The most common and effective way of checking your vehicles car battery is holding the correct voltage charge is by using a quality drop tester or a multimeter. A good battery should hold a charge of 12.6 volts. If it isn’t you should replace it or try charging the battery.
Digital Drop Test
A voltage drop test is the most effective way to test your vehicles batteries and it only takes 10 seconds, it will show you immediately whether you have a good, weak or bad connection as well as the voltage charge.
Drop testing is a quick and simple test that doesn’t require removal of any battery cables.
You can purchase a digital drop tester for very little these days, alternatively if you take it to a mechanic, they will usually perform a drop test free of charge.
Digital Multimeter Test
Testing a car battery with a digital multimeter is also very effective and again only take seconds to perform. Holding the probes on the positive and negative battery terminals will display the voltage charge.
You should always test a vehicle battery when the vehicle is turned off otherwise the reading will display the charge coming from the alternator.
What could be the cause of a low charge?
Loose, corroded or damaged battery cables or ground straps can choke off the normal flow of current. And if the current can't get through, the starter won't have the power to crank the engine and the battery will not receive the correct amperage it needs to maintain a full charge.
Nasty looking battery terminals that are blooming with corrosion obviously need cleaning.

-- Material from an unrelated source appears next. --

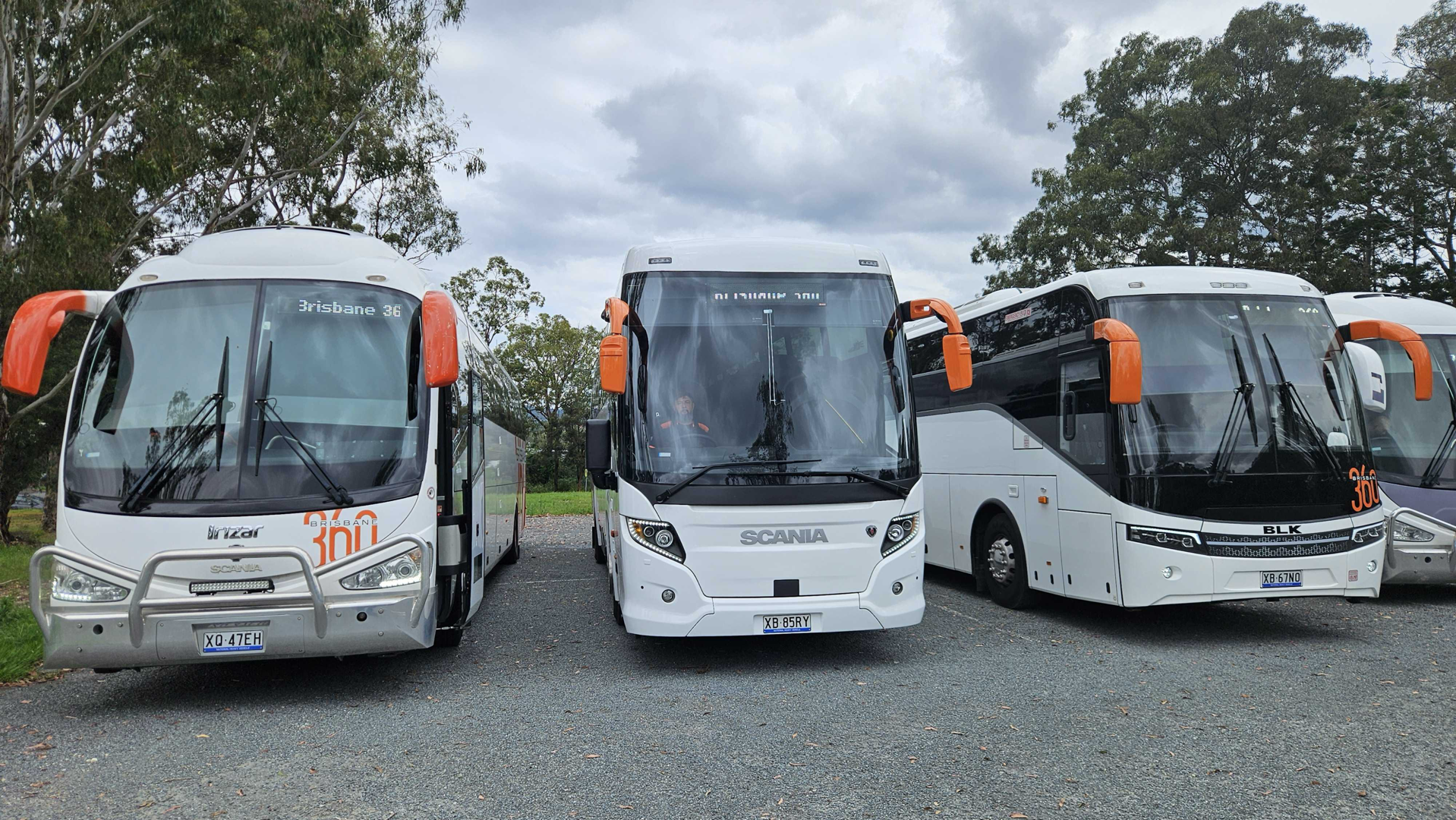diverse fleet of mini buses and coaches ready for hire - day trip bus hire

Corrosion forms an almost invisible barrier between the battery terminals and cables. To the naked eye, the terminals and cables look fine. But high resistance in the connections is preventing the high amp current from getting through.
A faulty or damaged alternator is usually caused by a weak battery, corrosion or worn bearings on alternator pulley, if your alternator is not charging the battery this can be due to your battery not holding the correct charge.